Let’s take this from the beginning.

  1. America’s higher education system is most definitely not a sham. One needs to only look at the data; they clearly show that college graduates will make far more money over their lifetime than will someone with only a high school degree. While I don’t like collapsing this point into simple dollars, it’s in the language people like Mr. McBride will understand. Or Mr. McBride could look at just one of the world’s top universities rankings; if he did, he’d see that U.S. schools dominate the list.
  2. The end of college “as we know it” is not something to celebrate. College “as we know it” affords students the opportunity to study the sciences, communication, business, the social sciences, nursing/health programs, the humanities and more. Which of these would Mr. McBride like to remove? It does so “as we know it” in well-maintained locations in urban, suburban and rural areas. Should colleges not provide such environments for their faculty, staff and students? College “as we know it” offers multiple on- and off-campus engaged and service learning options so that students can attempt to develop their entire self. Should these programs be cancelled? College “as we know it” challenges students to consider international study options. Perhaps these should be eliminated? It seems to me that while college “as we know it” isn’t perfect (I stand alongside anyone who argues that the debt load college graduates carry must be addressed), it does far more good than critics such as Mr. McBride care to consider.
  3. NO American college — NOT ONE — has become a socialist indoctrination center. Mr. McBride doesn’t name one in his screed because there isn’t one to name. Full stop.
  4. Investors in higher education? Oh, yes, that will do wonders. Let’s turn higher education into a transaction instead of a transformation. Joe Learner and Susie Student send a consortium thousands of dollars in exchange for a degree. In this soul-sucking endeavor, none of the “as we know it” programs are marketable so they’re out.

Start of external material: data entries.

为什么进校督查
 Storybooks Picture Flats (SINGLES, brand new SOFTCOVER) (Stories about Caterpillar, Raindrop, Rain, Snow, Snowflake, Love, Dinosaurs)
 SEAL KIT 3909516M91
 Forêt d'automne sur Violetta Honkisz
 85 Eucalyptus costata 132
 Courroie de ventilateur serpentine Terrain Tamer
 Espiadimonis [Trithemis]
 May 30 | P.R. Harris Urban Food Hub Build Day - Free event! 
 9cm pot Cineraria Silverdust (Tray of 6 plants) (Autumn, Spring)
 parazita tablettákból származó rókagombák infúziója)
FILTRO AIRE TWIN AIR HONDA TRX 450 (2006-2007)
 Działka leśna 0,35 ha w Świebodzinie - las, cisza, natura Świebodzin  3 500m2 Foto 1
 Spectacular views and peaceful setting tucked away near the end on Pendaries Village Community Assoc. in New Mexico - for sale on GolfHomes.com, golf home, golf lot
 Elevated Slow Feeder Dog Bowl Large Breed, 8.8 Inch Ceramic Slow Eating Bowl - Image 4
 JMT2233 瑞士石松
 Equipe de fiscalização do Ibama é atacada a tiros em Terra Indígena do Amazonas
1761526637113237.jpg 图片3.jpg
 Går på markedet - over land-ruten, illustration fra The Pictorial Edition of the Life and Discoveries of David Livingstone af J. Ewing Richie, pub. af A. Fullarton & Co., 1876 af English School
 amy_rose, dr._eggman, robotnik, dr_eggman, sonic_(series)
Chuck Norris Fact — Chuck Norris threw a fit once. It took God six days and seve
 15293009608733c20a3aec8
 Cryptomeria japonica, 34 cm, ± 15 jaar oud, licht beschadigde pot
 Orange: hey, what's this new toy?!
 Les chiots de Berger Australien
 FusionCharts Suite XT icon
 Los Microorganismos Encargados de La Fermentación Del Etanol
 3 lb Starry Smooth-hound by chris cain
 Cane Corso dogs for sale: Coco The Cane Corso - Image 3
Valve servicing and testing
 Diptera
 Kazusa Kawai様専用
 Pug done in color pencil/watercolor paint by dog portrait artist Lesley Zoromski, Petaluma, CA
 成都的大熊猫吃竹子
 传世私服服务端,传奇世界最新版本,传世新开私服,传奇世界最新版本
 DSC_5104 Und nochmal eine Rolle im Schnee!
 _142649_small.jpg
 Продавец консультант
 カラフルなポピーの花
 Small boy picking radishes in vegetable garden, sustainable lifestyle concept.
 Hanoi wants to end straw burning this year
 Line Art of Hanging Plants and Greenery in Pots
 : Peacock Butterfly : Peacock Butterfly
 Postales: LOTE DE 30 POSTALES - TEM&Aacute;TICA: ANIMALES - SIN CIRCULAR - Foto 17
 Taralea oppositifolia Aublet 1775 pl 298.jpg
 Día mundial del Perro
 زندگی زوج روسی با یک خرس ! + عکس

Mr. McBride argues Amazon is the corporation America’s higher education system ought to aspire to reach. Amazon! I’ll let those who have written about Amazon and its treatment of employees to respond to that argument. (You can find just a few of those critics here, here, here and here.) Oh, yes, Amazon most definitely is providing lessons in leadership, ethics and personal development that ought to be endorsed throughout higher education. The argument that such companies are the right way to “disrupt” higher education uses the wrong “d” word; their policies inside higher education would DESTROY America’s colleges and universities.

And maybe that’s what Mr. McBride wants.

He should stay the heck out of the higher education world. Let those of us who actually care about its people, its programs and its future decide what comes next. We don’t need another “let’s make it all about money” argument.


  1. What I took away from the article he wrote was that colleges will still offer an education, but if students will be ‘online learners’ they are missing out on the experience side of the equation. (which eliminates the need for room and board to be included in student loan costs). A few years back I did an independent research of MOOC’s and have taken classes through Coursera…there is no doubt that a catalog that large is enticing. Earning my degree completely online did have advantages, yet anyone I’ve talked to about my experience gets this comment from me: there are things you miss from being in a classroom~ the sidebar conversations, for one. You have to be very self disciplined and focused because miss a week of work in an eight week online class and you may never catch up before the end of it. While being absent in a 15 week course is not advisable, you aren’t rolling under the snow ball….yet. As always, I appreciate you bringing another opinion to the forefront~Thank you!